Fix `--debug` and setting of `PYTEST_CURRENT_TEST` in non-UTF8 locales #7787

asottile · 2020-09-23T18:51:12Z

Resolves #7781
Resolves #7786

The-Compiler

I'm not sure if I agree with the approach here.

For the debug file, I guess forcing it to be UTF-8 isn't too bad - even on Windows, I suppose most text editors will be able to detect and open UTF-8 (though I'm not sure if Windows Notepad does?)

But for the environment variable, this will just shift the error to the reader of the variable - surely the reader won't expect an UTF-8 encoded variable when the system encoding isn't UTF-8. Also I'm not sure how the situation is on Windows, are environment variables text/UTF-8 there? Otherwise this would still fail there, no?

The only other solution I can see is something like:

encoding = sys.getfilesystemencoding()
value = value.encode(encoding, errors='replace').decode(encoding)

asottile · 2020-09-24T15:04:08Z

I'm not sure if I agree with the approach here.

For the debug file, I guess forcing it to be UTF-8 isn't too bad - even on Windows, I suppose most text editors will be able to detect and open UTF-8 (though I'm not sure if Windows Notepad does?)

But for the environment variable, this will just shift the error to the reader of the variable - surely the reader won't expect an UTF-8 encoded variable when the system encoding isn't UTF-8. Also I'm not sure how the situation is on Windows, are environment variables text/UTF-8 there?

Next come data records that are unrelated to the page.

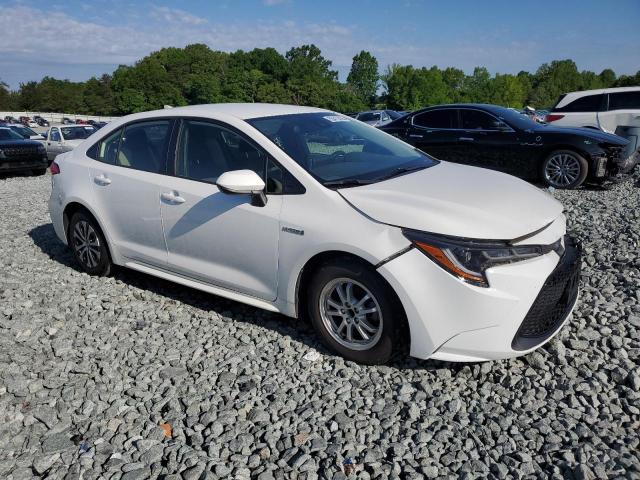 Vin: jtdebrbe5lj023673, lot: 55412435, toyota corolla le 20204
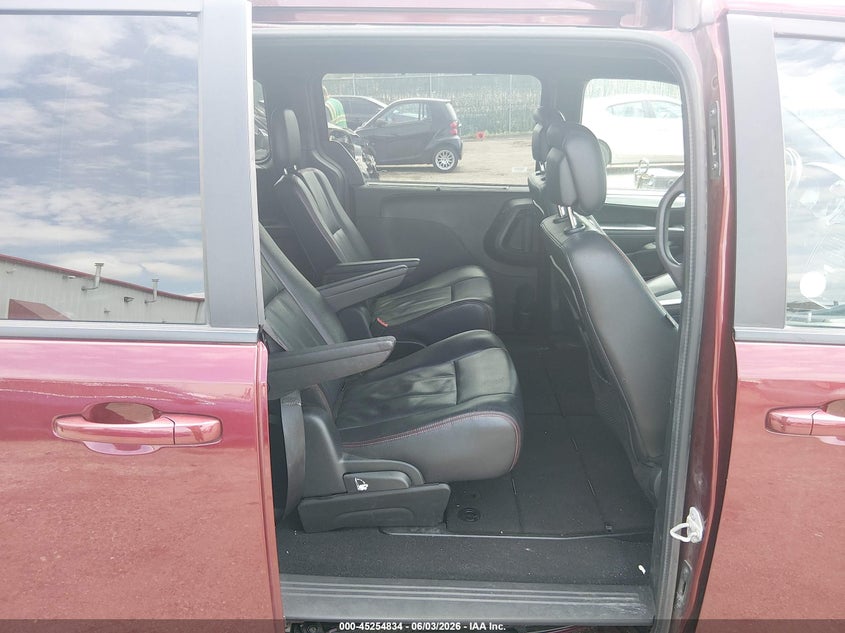 2020 DODGE GRAND CARAVAN auction photo 8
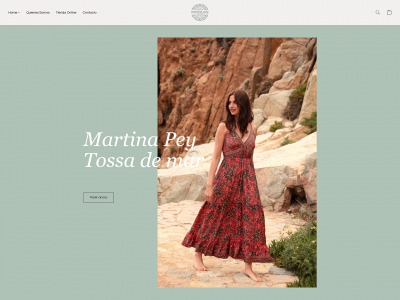 martinapey.net snapshot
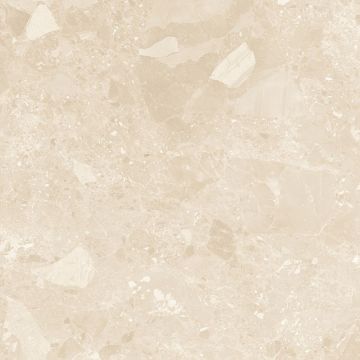 Керамогранит Ceradim (Керадим) Mramor Purple Beige бежевый 60х60 см полированный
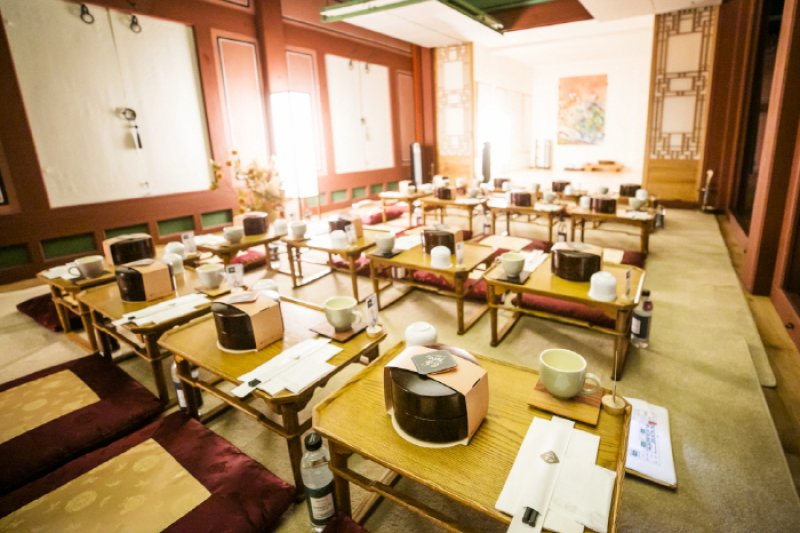 景福宮 視・食・公・感（경복궁 시식공감） (7/9)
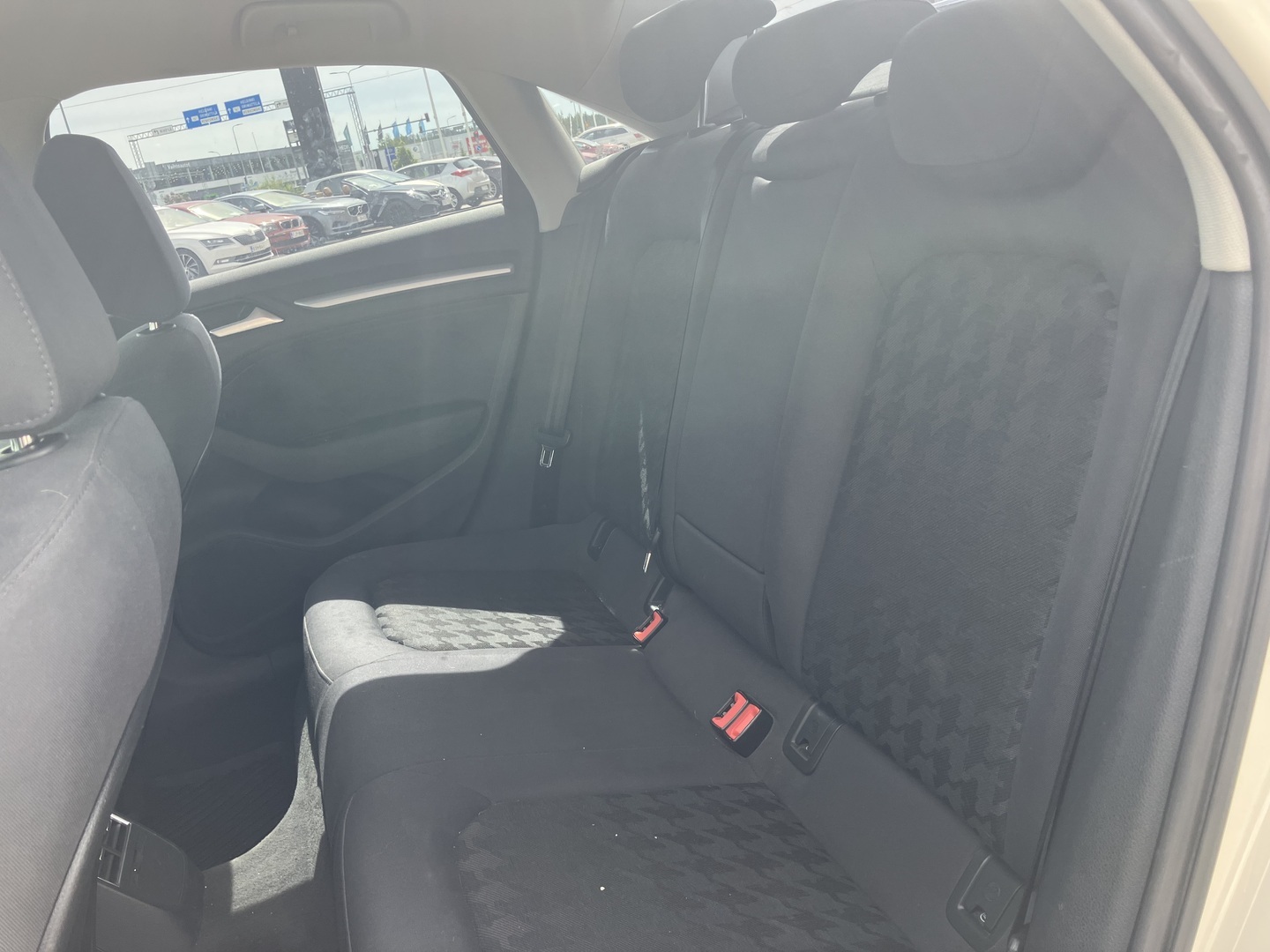 AUDI A3 2014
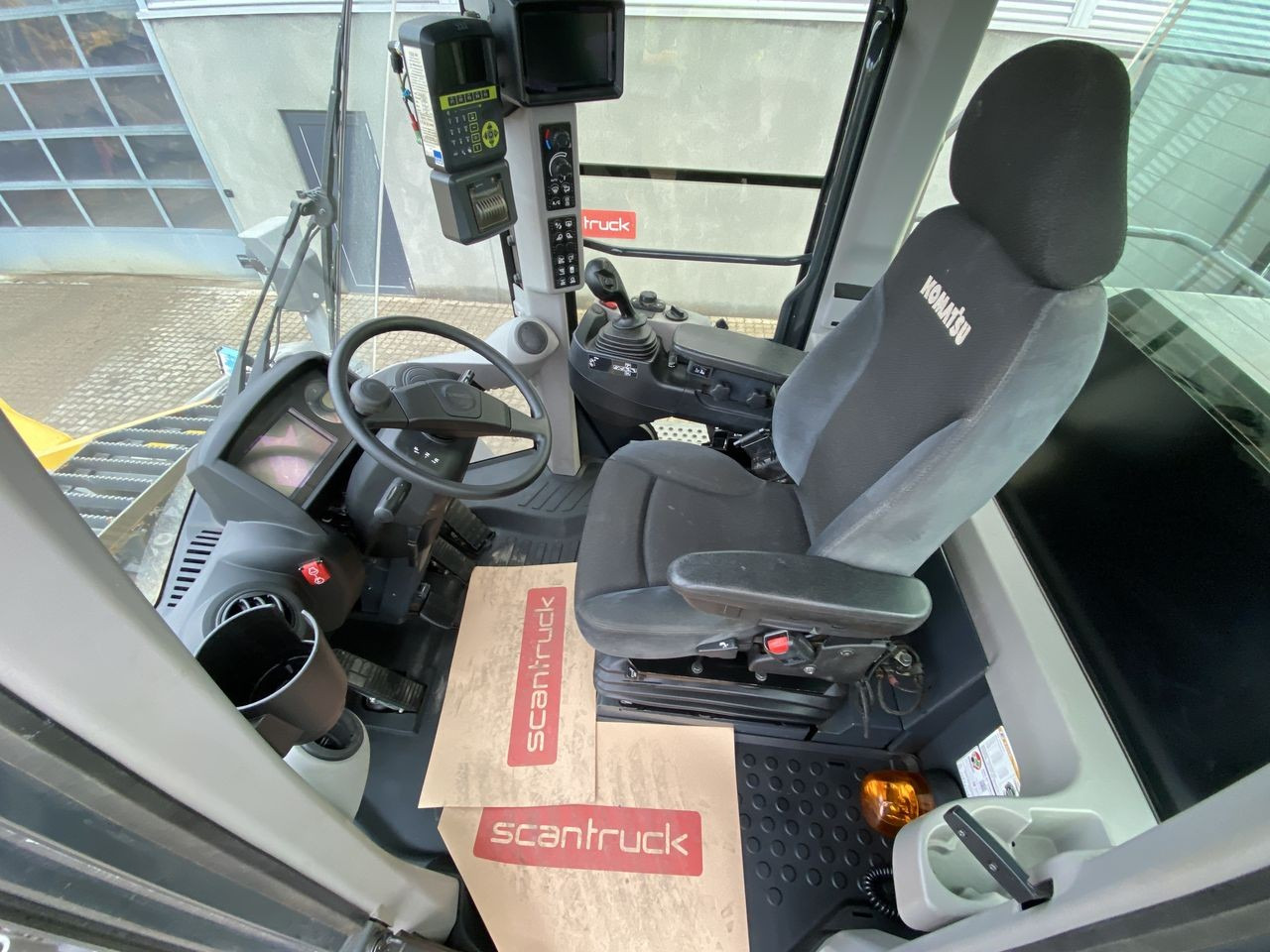 Komatsu WA475-10EO - Hjullaster: bilde 3 Komatsu WA475-10EO - Hjullaster: bilde 3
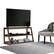 Left. Simpli Home - Sawhorse TV Stand for Most TVs Up to 53" - Medium Saddle Brown.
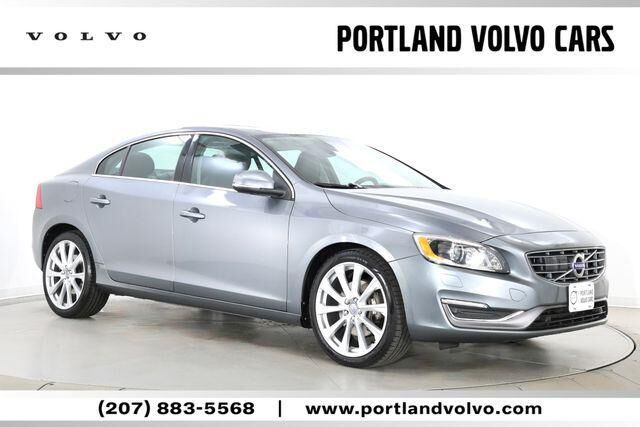 2018 VOLVO S60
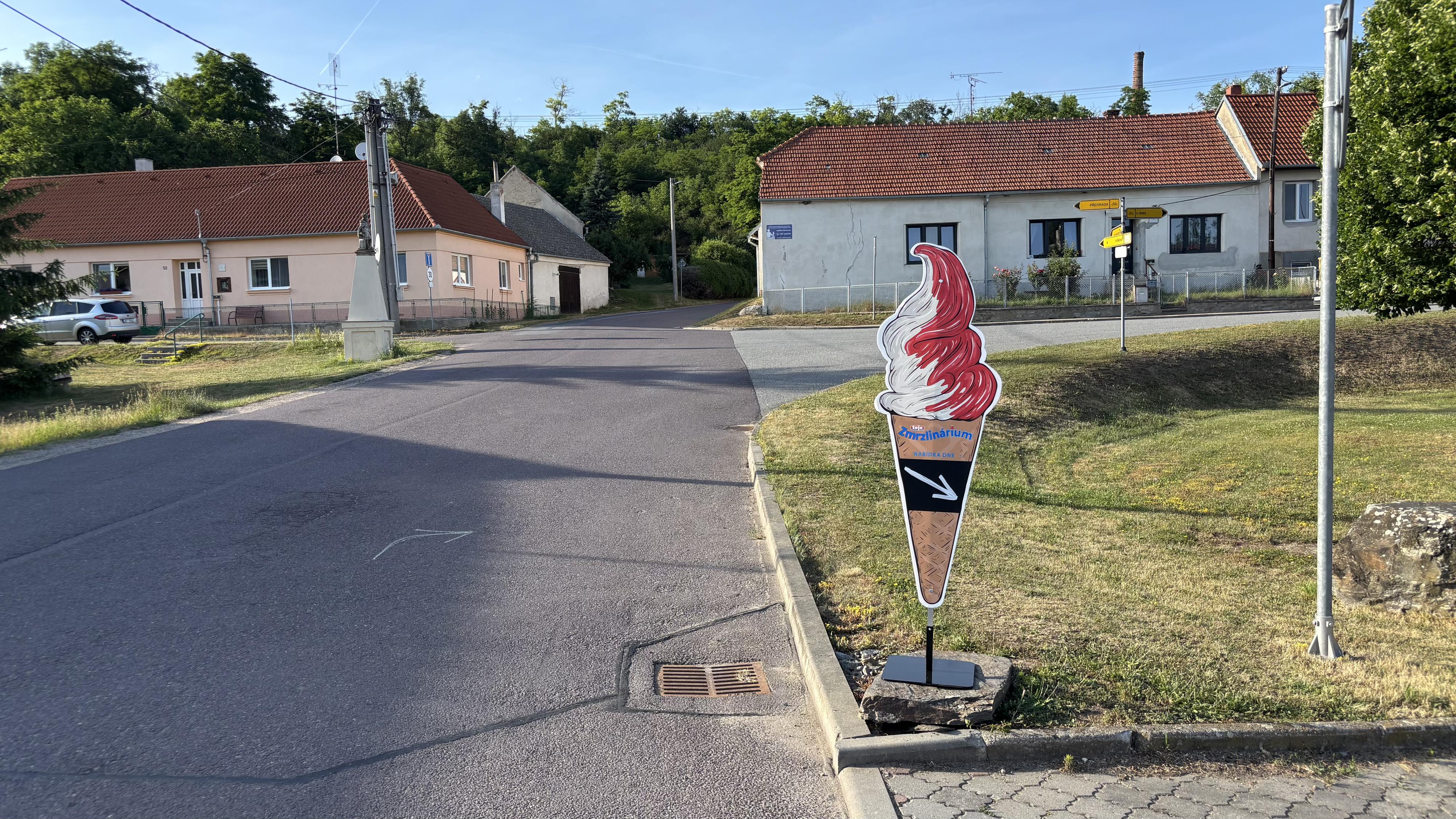 Sladká zastávka foto 6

Otherwise this would still fail there, no?

The only other solution I can see is something like:
encoding = sys.getfilesystemencoding()
value = value.encode(encoding, errors='replace').decode(encoding)

windows doesn't support bytes environ, so it is always text there
I know of no modern system which doesn't use UTF-8 as a default locale

nicoddemus · 2020-09-24T18:51:46Z

windows doesn't support bytes environ, so it is always text there

True:

Python 3.6.7 (default, Mar  4 2020, 17:08:00) [MSC v.1900 64 bit (AMD64)] on win32
Type "help", "copyright", "credits" or "license" for more information.
>>> import os
>>> os.supports_bytes_environ
False

I know of no modern system which doesn't use UTF-8 as a default locale

I think so too, but shouldn't we use the default locale then?

nicoddemus · 2020-09-24T18:55:28Z

For the debug file, I guess forcing it to be UTF-8 isn't too bad - even on Windows, I suppose most text editors will be able to detect and open UTF-8 (though I'm not sure if Windows Notepad does?)

I agree. The debug file is meant for advanced users, so it is fair to encode it using a known encoding and expect those advanced users to be able to open it. Even in situations where the user can't use a text editor that supports UTF-8, all it will happen is a few wrong characters if output contains non-ASCII output, which shouldn't be too bad.

asottile · 2020-09-24T23:29:38Z

I think so too, but shouldn't we use the default locale then?

if we use the default locale then there's information loss

nicoddemus · 2020-09-25T00:33:43Z

if we use the default locale then there's information loss

Hmm TBH I not sure I follow the underlying semantics here, but I will defer to your expertise that this is the correct approach. Other than that, the rest looks great. 👍

bluetech · 2020-09-27T10:16:41Z

Agree with the others that UTF-8 is good for --debug.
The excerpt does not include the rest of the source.